THE LEADER of Spain’s main opposition Partido Popular has made a call for an ‘all-out political, social and judicial offensive’ against the Socialist-led government, in the wake of a marathon 12-hour political debate on Wednesday to pass four decrees.
Alberto Nuñez Feijoo also announced that he would be calling fresh street protests against the administration of Spanish Prime Minister Pedro Sanchez for January 28 in Madrid.
“The defeat is for Spain,” Feijoo told reporters on Thursday. “Spaniards are no longer equal before the law. We aren’t free because the prime minister of the nation is satisfying extortion demands with our rights, our security and our money,” he added.
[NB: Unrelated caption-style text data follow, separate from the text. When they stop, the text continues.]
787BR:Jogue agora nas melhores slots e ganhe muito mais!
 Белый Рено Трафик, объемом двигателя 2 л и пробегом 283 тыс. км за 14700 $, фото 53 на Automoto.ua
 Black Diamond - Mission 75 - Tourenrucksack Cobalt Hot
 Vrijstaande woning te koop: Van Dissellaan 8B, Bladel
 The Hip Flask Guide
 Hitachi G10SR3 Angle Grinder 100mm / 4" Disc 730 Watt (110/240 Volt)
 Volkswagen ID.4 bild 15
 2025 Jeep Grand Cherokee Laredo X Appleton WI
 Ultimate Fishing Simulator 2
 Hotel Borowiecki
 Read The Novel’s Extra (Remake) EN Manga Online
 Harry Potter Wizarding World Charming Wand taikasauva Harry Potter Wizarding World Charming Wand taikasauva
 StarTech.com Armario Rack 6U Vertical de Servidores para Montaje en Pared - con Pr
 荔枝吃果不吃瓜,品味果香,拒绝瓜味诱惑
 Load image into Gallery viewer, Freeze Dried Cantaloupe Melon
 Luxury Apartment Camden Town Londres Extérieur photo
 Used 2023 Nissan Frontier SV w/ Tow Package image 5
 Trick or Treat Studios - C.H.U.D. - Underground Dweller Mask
Feijoo’s calls for protest were in response to the Socialists making concessions to the Catalan separatist party Junts per Catalunya in return for support for the decrees it was trying to pass in parliament on Wednesday.
The Socialists are governing in coalition with leftist alliance Sumar, but even together the two parties lack a working majority.
To pass legislation, Prime Minister Sanchez has to rely on support from a series of smaller parties, including Junts, which secured a series of concessions from the government yesterday, including greater control over immigration in the Catalunya region, before eventually abstaining at the vote to allow the decrees to pass.
To complicate the situation further, however, the Socialists’ former coalition partner Podemos voted against one of the decrees, covering a pension rise, which saw it rejected by lawmakers.
According to press reports, there are major concerns in the government that the current term could be highly unstable, should the sometimes chaotic and long-drawn-out debate seen on Wednesday become a regular occurrence.
On Thursday, Feijoo also called for Sanchez to face questioning in Congress to explain the promises he made to Junts ahead of yesterday’s debate. He also said that the PP would appeal the series of decrees approved yesterday with the Constitutional Court.
The PP has already staged a series of anti-government protests, after the Socialists agreed an amnesty deal back in November with Junts and another Catalan separatist party, ERC, that will absolve anyone who was involved in the independence drive in the region over the last decade.
What’s more, there have been near-nightly protests outside the Socialists’ headquarters in Madrid since that same month, also in opposition to the government and its deals with the Catalan separatists.
An investigation has been opened by the police after the demonstrators outside the Socialist HQ hung an effigy of Sanchez from a lamppost and beat it with sticks on New Year’s Eve.